Charging into the frenzied national debate over immigration, New York Gov. Eliot Spitzer had insisted that giving driver's licenses to illegal immigrants would make life safer for all.

He found precious little safety in immigration politics. He was whipsawed by both sides, and his initiative became rhetorical ammunition for the presidential campaign.

Under siege, Spitzer sought to salvage his plan by trying to please everyone. He pleased no one and on Wednesday the rookie governor with a hard-charging style conceded the brutally obvious: He had lost, badly.

"Leadership is not solely about doing what one thinks is right. Leadership is also about listening to the public," Spitzer said after meeting with many of his political allies in Congress who had urged retreat.

The debate over immigration, Spitzer said, "has become so toxic that anytime a practical proposal is put forward, it is shot down before it can even be weighed on its merits. The consequence of this fear-mongering is paralysis."
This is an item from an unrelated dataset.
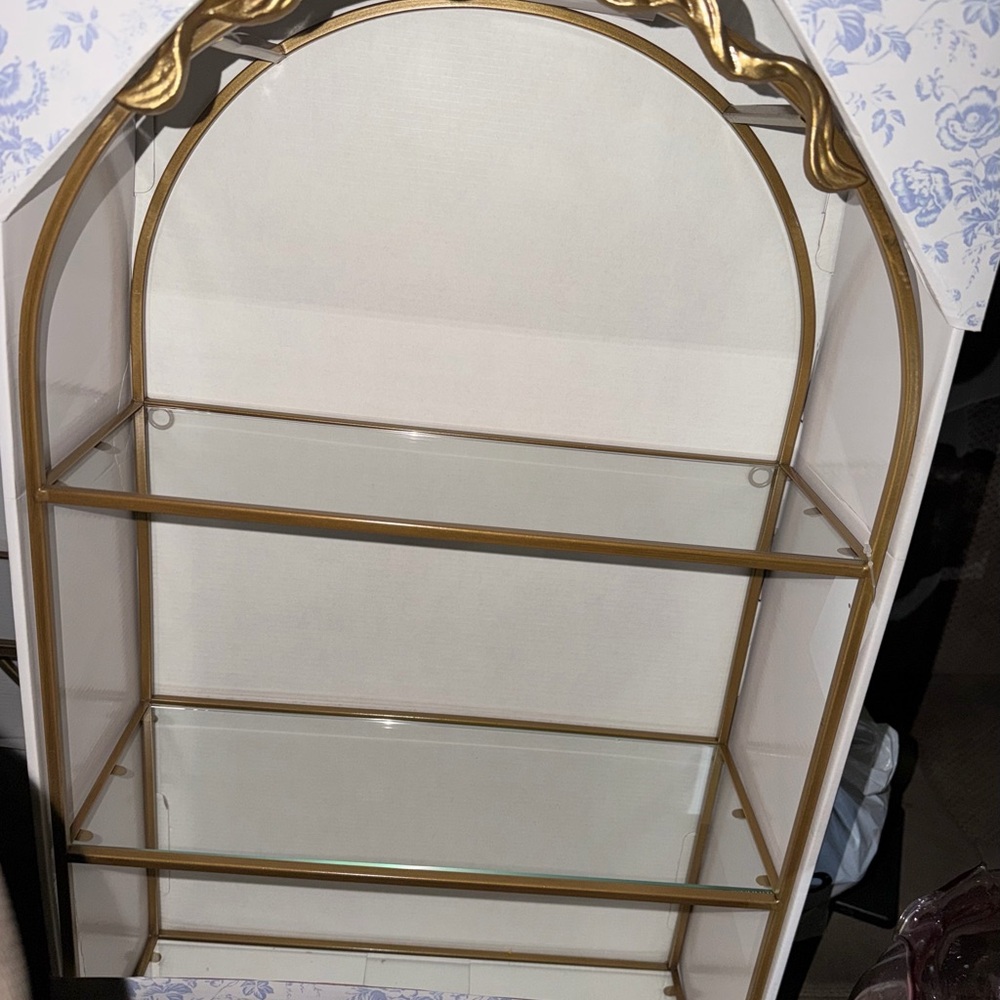 Brand new VIRAL Vivianne Taylor bow shelf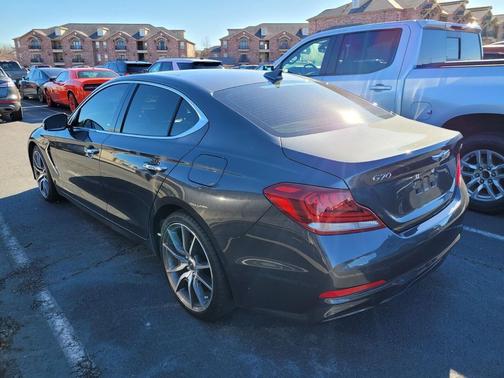 2020 Genesis G70 2.0T RWD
Others say Spitzer did it to himself by stubbornly pushing so hard on a no-win issue.

"He volunteered for this, it was a self-inflicted wound," said Maurice Carroll, director of the Quinnipiac University Polling Institute.

The damage wasn't limited to Spitzer, though. Democratic presidential front-runner Hillary Rodham Clinton has been harshly criticized by campaign rivals who say she has been too noncommittal on this subject.

The issue produced one of the most tense moments of the primary campaign so far, as Clinton stumbled in a debate, saying the Spitzer proposal "makes a lot of sense," yet "I did not say that it should be done."

After Spitzer conceded defeat, Clinton announced she opposed giving licenses to undocumented aliens.

"I support Governor Spitzer's decision today to withdraw his proposal," Clinton said in a statement. "As president, I will not support driver's licenses for undocumented people and will press for comprehensive immigration reform that deals with all of the issues around illegal immigration including border security and fixing our broken system."

Lost in the posturing is the fact that eight other states — Hawaii, Maine, Maryland, Michigan, New Mexico, Oregon, Utah and Washington — currently do not require drivers to prove legal status in order to obtain a license.

But in Spitzer's case, many Democrats privately grumbled that they were given no advance notice of the plan before it was announced in late September, allowing little chance to build support or answer tough questions from opponents who claimed it would be a boon to both terrorists and gun-loving criminals.

Even in defeat, Spitzer insisted his plan would be a sensible solution to the roughly 1 million undocumented aliens in New York State. Yet as the opposition mounted in late October, the governor struck a deal with the Department of Homeland Security.

The new approach would have created three kinds of licenses: one as secure as a passport for crossing the Canadian border, another that would have met federal standards created to make it more difficult for would-be terrorists to get identification, and a third for purposes of driving, available to illegal immigrants and others.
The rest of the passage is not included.